* [Information supplied]:
┌──
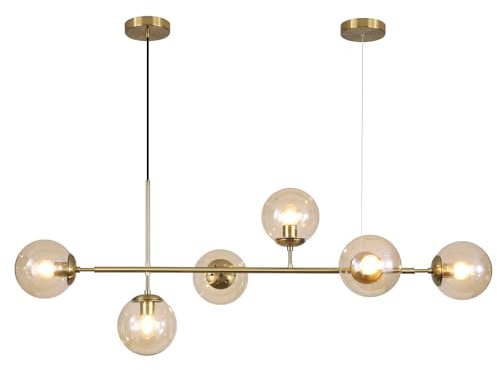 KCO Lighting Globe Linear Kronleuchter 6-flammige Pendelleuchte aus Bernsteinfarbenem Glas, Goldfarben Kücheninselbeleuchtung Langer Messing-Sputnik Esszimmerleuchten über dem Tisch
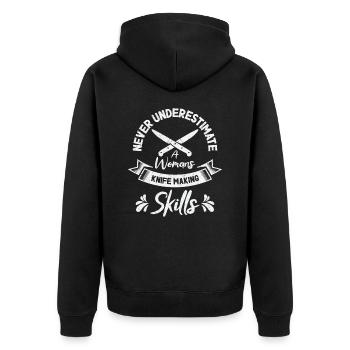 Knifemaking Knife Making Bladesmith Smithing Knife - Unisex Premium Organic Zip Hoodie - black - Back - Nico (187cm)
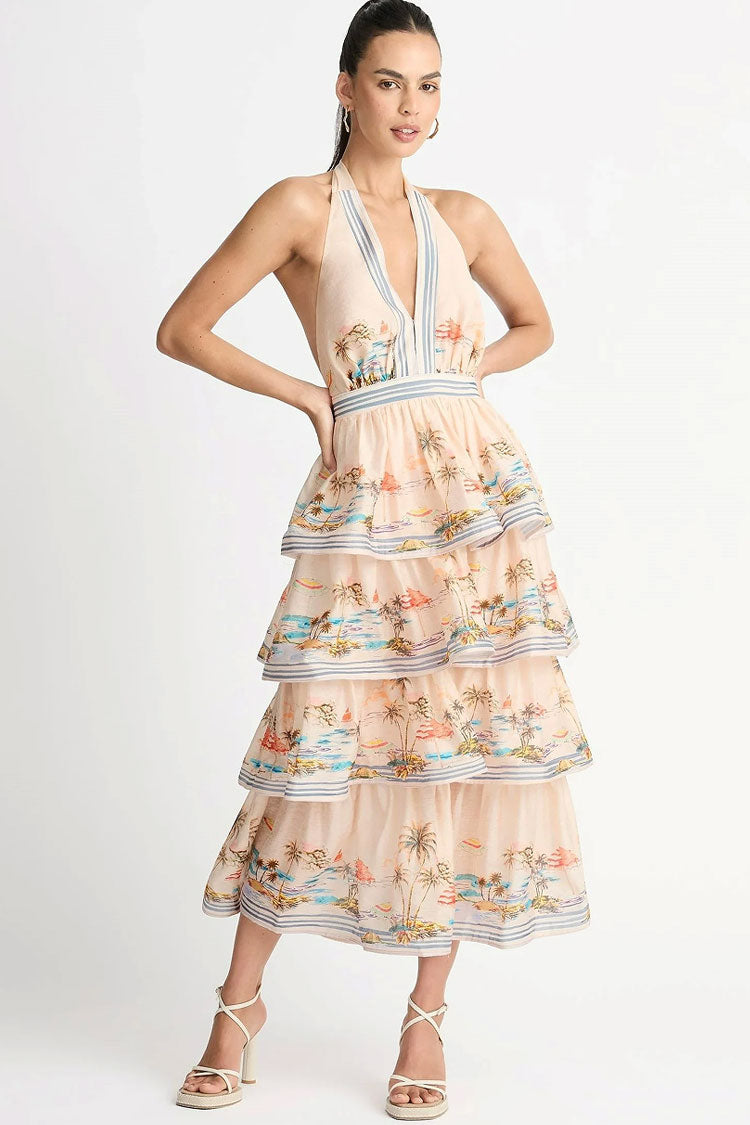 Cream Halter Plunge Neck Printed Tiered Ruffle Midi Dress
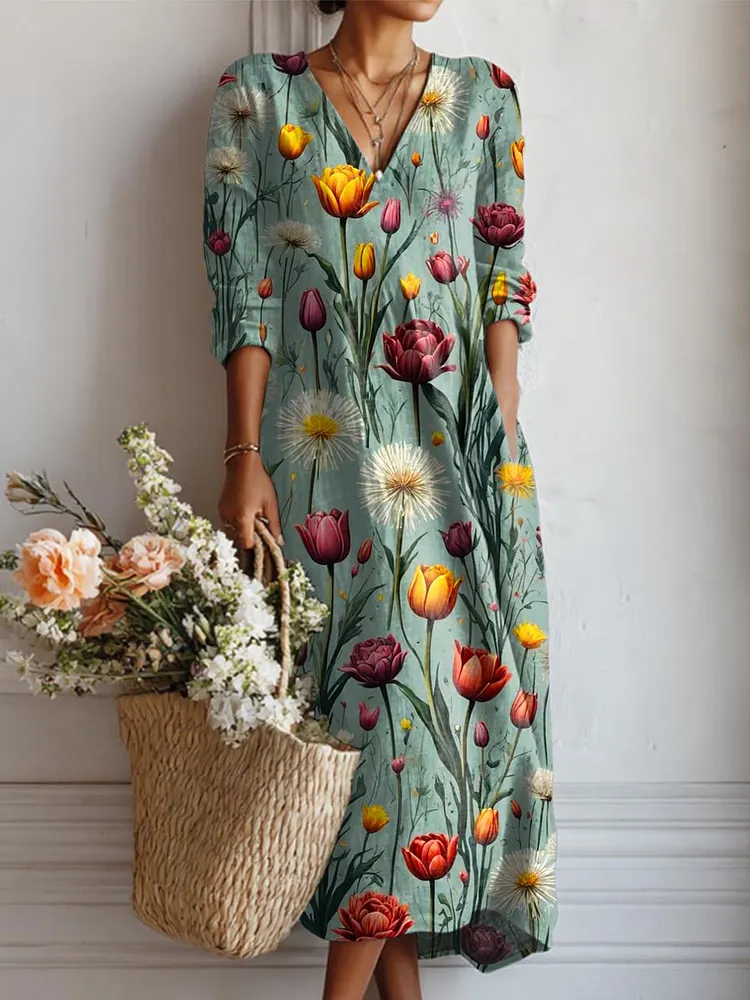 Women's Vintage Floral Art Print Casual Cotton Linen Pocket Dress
└──
* [Assignment]: Write out exactly the lines above, from the very first through the line containing "Cream Halter Plunge", both kept, with the pictures removed.

* [Exercise result]:
 KCO Lighting Globe Linear Kronleuchter 6-flammige Pendelleuchte aus Bernsteinfarbenem Glas, Goldfarben Kücheninselbeleuchtung Langer Messing-Sputnik Esszimmerleuchten über dem Tisch
 Knifemaking Knife Making Bladesmith Smithing Knife - Unisex Premium Organic Zip Hoodie - black - Back - Nico (187cm)
 Cream Halter Plunge Neck Printed Tiered Ruffle Midi Dress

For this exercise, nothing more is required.